Azimuth stern drive (ASD) tugboats
Azimuthing Stern Drive (ASD) tugboats can be defined shortly as a tugboat with steerable propulsion units located in aft of the vessel. Generally, these ASD tugboats have a couple of propulsion units placed in the turning nozzles. In addition, these propeller units are known as Z-Drive units due to the shape of the nozzles. Sanmar Boğaçay ASD tugboat series profile view is given in Figure 5.
The fundamental difference between the conventional and ASD tugboats is the manoeuvring system. The conventional tugboats manoeuvre with the help of a classical rudder, but the ASD tugboats have remarkable improved manoeuvring capabilities with azimuth propulsion that rotates their propulsion unit (Nozzle and Propeller) at any horizontal angle to manoeuvre.
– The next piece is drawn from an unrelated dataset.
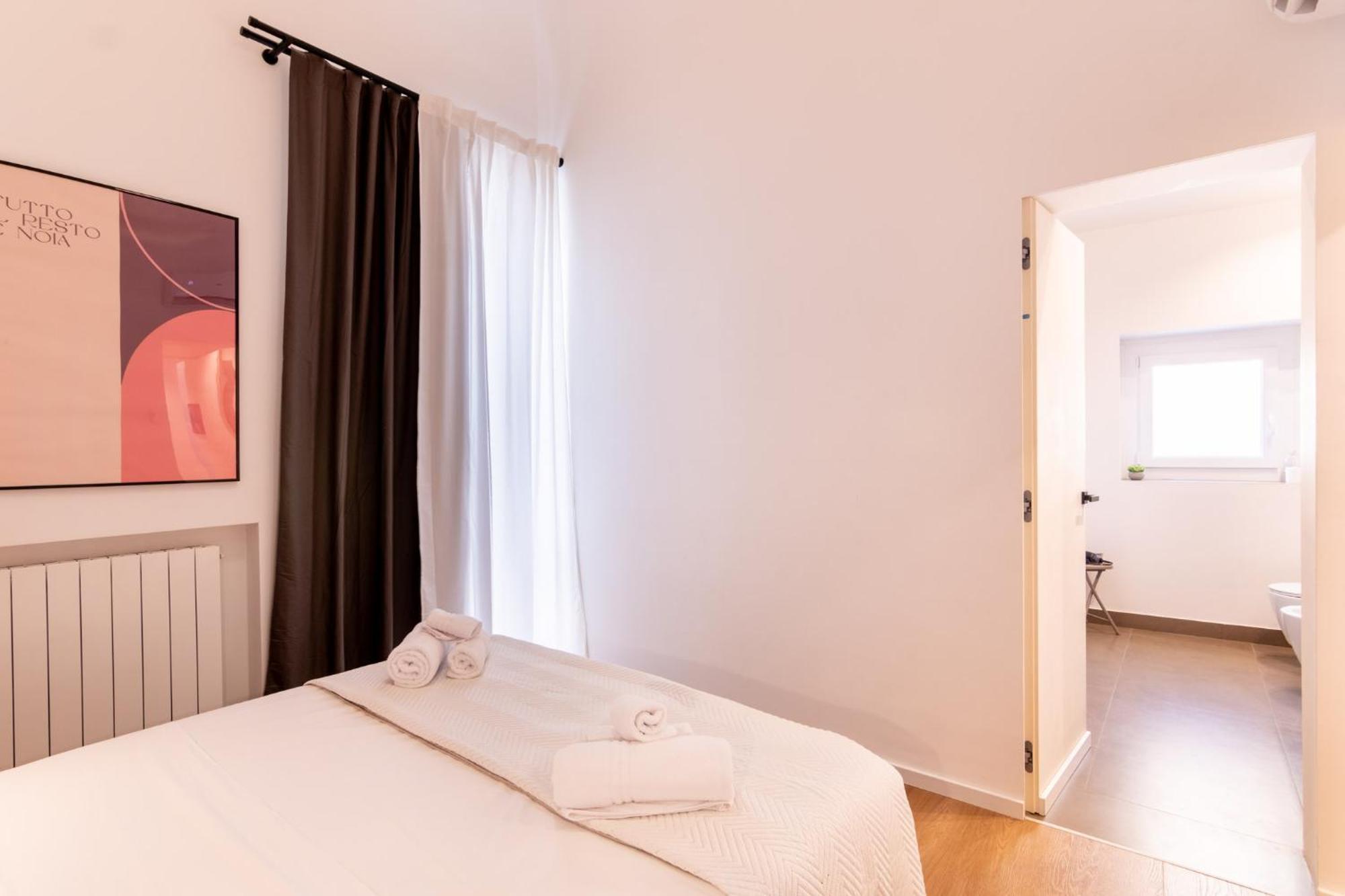 La Dimora Dell'artista - Centro Storico Di Apartment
In addition, there are relatively new versions of ASD tugboats which have arranged one or more Z-Drive unit in amidships or fore of the tugboat. This arrangement provides more manoeuvring capability during towing operations and maximum efficiency in harbour ship handling.
Nowadays, they are equipped with different types of propulsions like diesel engines, LNG engines and hybrid propulsion configurations.
While increased bollard pull capacity per KW of propulsion system power, high manoeuvrability, and simple M&R procedures of the nozzles are the advantages; difficulties on side movement, sensitiveness to interaction with a ship, complex z-drive unit components, and the possibility of rope entangling and damaging the propellers in stern side towing operations are disadvantages of the ASD tugboats.
Tractor tugboats are equipped with the drive units (Voith Schneider Propeller or ASD) located in the bottom of the vessel, approximately one-third of the length from the bow. Generally, one or two multidirectional propulsion systems combination is preferred for tugboats, that works in the cycle of 360 degrees on the principle of two vertically built propulsion mechanism with rotating blades.
Voith Schneider Propeller (VSP) are propeller units that combine propulsion and steering in a single unit and provide the propulsion of the ship by rotating a circular disc placed on the bottom of the hull. There are several movable and controllable blades on this circular disk. While the angles of the blades determine the direction of the thrust, the rotation speed of the disc determines the size of the thrust. It is one of the leading propeller systems that provide the highest manoeuvrability in use today.
This type of propulsion systems provides excellent manoeuvring characteristics, maximum performance in ship handling and escorting operations of tractor tugboats. With approximately one-third of the length from the bow location of this system on the tugboat, the positive turning moment is always present. Because the propulsion system is always in front of the tow. Therefore, the direct control of tow from Tugboat Bridge has a great advantage. When VSPs are operated at a low speed, their service life increases and M&R costs decrease.
The full power at turning 360 degrees, excellent manoeuvring capabilities, instant application of full power, better response with interaction with the hull of the ship, and reliability of propulsion are advantages while the sensitiveness to damages of underwater propulsion mechanism, stability issues, high capital cost, reduced bollard pull capacity per KW of propulsion system power, bad steering at open seas, and higher M&R costs are disadvantages of the tractor tugboats.